Collected material:
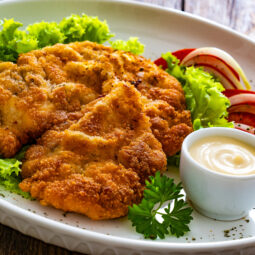 Ako pripraviť hromadu rezňov pre veľkú rodinu: osvedčený postup, aby zostali šťavnaté a chrumkavé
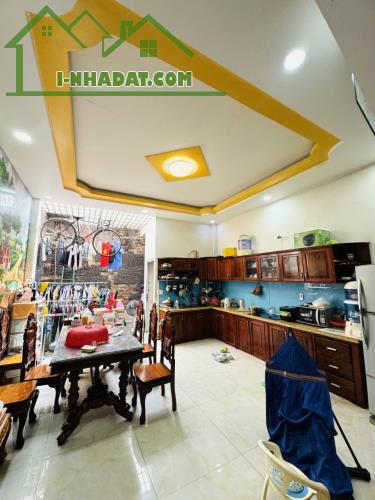 Bình Tân, Mặt tiền KD, Nhà đẹp 3 tầng, 100m2, ngang 5m, giá rẻ. - 2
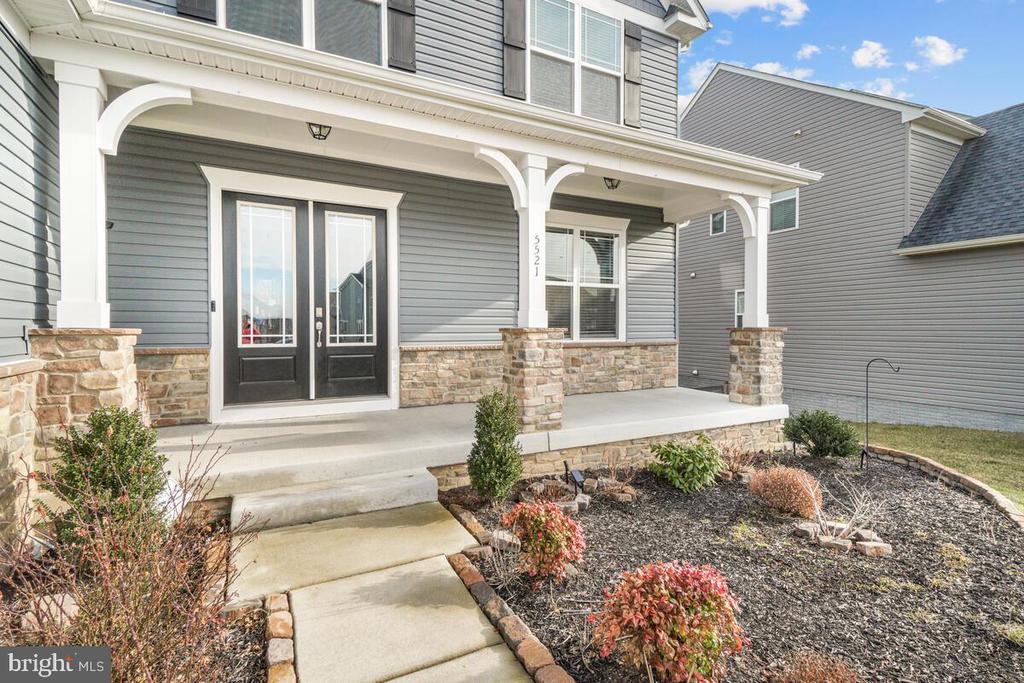 5521 HAWK RIDGE ROAD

Exercise:
Everything in the preceding material must be transcribed exactly, except the images.

Written solution:
 Ako pripraviť hromadu rezňov pre veľkú rodinu: osvedčený postup, aby zostali šťavnaté a chrumkavé
 Bình Tân, Mặt tiền KD, Nhà đẹp 3 tầng, 100m2, ngang 5m, giá rẻ. - 2
 5521 HAWK RIDGE ROAD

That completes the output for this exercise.